Global wage grew by 1.8 per cent in 2017, down from 2.4 per cent in 2016 and the slowest rate since the global financial crisis in 2008, the ILO said in its two-yearly Global Wage Report, released on Monday.
“What is now widely recognised is that slow wage growth has become an obstacle to achieving sustainable economic growth,” ILO director-general Guy Ryder wrote in the report.
In the past 20 years, average real wages have almost tripled in emerging and developing G20 countries, but they have risen by only 9 per cent in advanced G20 countries, the ILO said.

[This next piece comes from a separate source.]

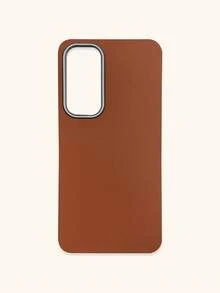 1pc 4-Color Optional Solid Color Lychee Texture Faux Leather Large Window Phone Case, Ins Premium Minimalist Business Solid Color Leather Texture, A Classic Black / B Beige White / C Premium Gray / D Caramel Brown, Faux Leather Matte Lens Raised Full Coverage Anti-Drop Soft Shell, Autumn/Winter Commute Versatile, Suitable For Personal Use And Gift; Compatible With IPhone Case & Galaxy Case, Compatible With IPhone 17 - Multicolor - View 42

In South Asia, India led the average real wage growth in 2008–17 at 5.5 against a regional median of 3.7. India was followed by Nepal (4.7), Sri Lanka (4), Bangladesh (3.4), Pakistan (1.8) and Iran (0.4). 

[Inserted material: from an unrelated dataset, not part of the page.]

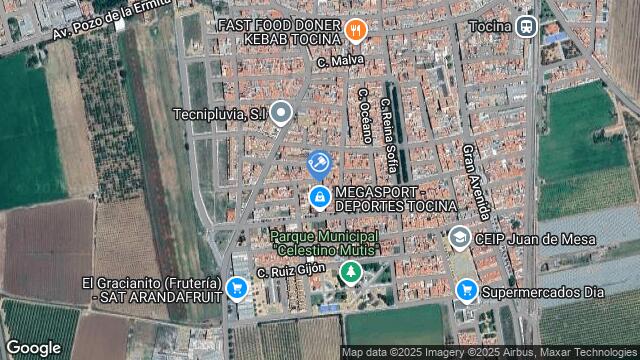 Ubicación de la subastas Subasta de vivienda en Tocina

This is in line with the comparatively rapid pace of economic growth India has been maintaining over the years.
Workers in Asia and the Pacific enjoyed the highest real wage growth among all regions over the period 2006–17, with countries such as China, India, Thailand and Viet Nam leading the way, the Global Wage Report 2018-19 said. 
The report said that all emerging G20 countries except Mexico experienced significant positive growth in average real wages between 2008 and 2017.

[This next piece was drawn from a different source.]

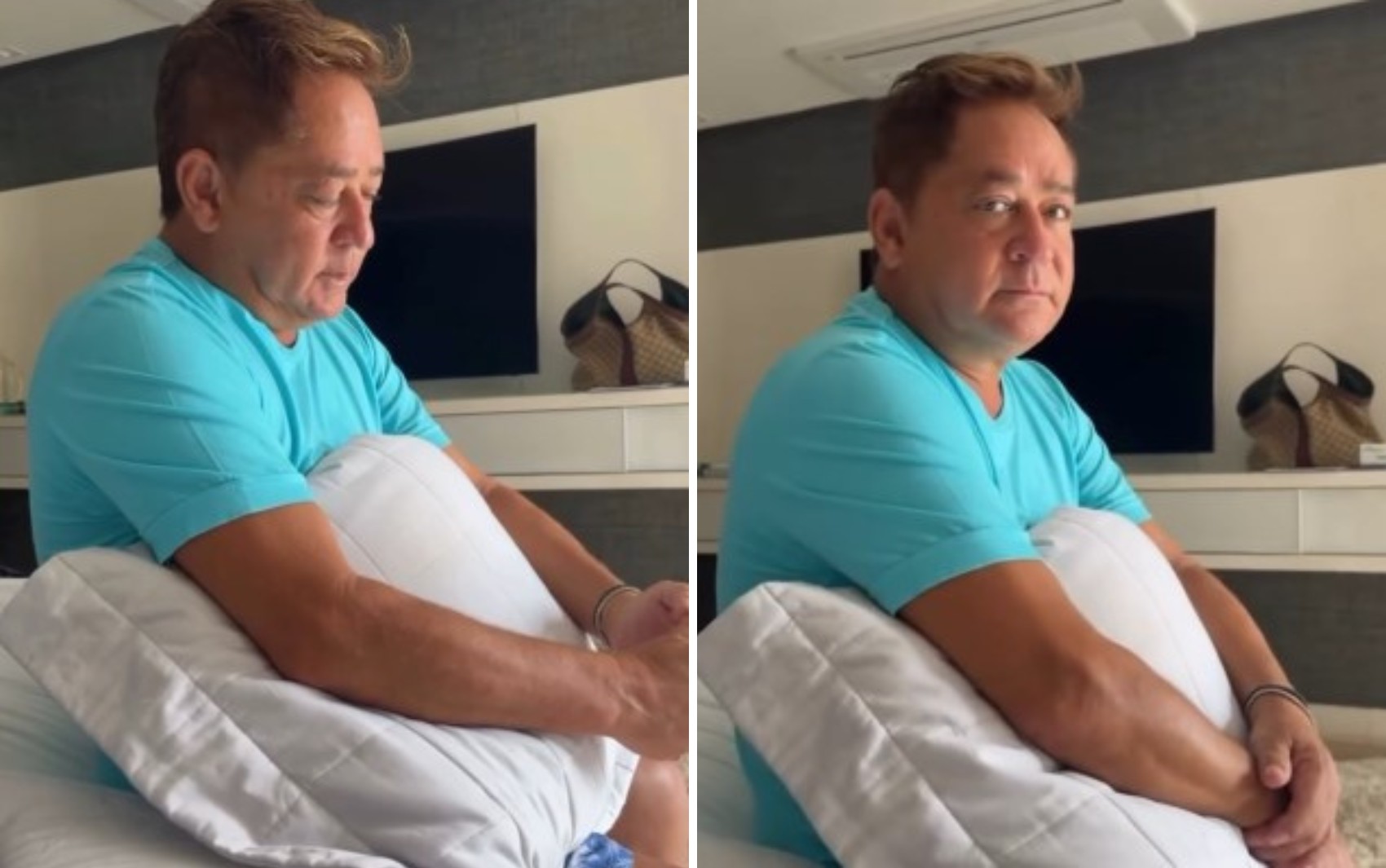 Leonardo aparece em vídeo reclamando das férias: ‘Chamando pra beber toda hora’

“Wage growth continues in Saudi Arabia, India and Indonesia, whereas in Turkey it declined to around 1 per cent in 2017,” it said adding that South Africa and Brazil have experienced positive wage growth starting from 2016 after a phase of mostly zero growth during the period 2012–16, with negative growth in Brazil during 2015–16. 
Russia suffered a significant drop in wage growth in 2015, again owing to the decline in oil prices, but has since then bounced back with moderate though positive wage growth. It also noted that a number of countries have recently undertaken measures to strengthen their minimum wage with a view to providing more adequate labour protection. 
South Africa announced the introduction of a national minimum wage in 2018, while lawmakers in India are examining the possibility of extending the legal coverage of the current minimum wage from workers in ‘scheduled’ occupations to all wage employees in the country, it said.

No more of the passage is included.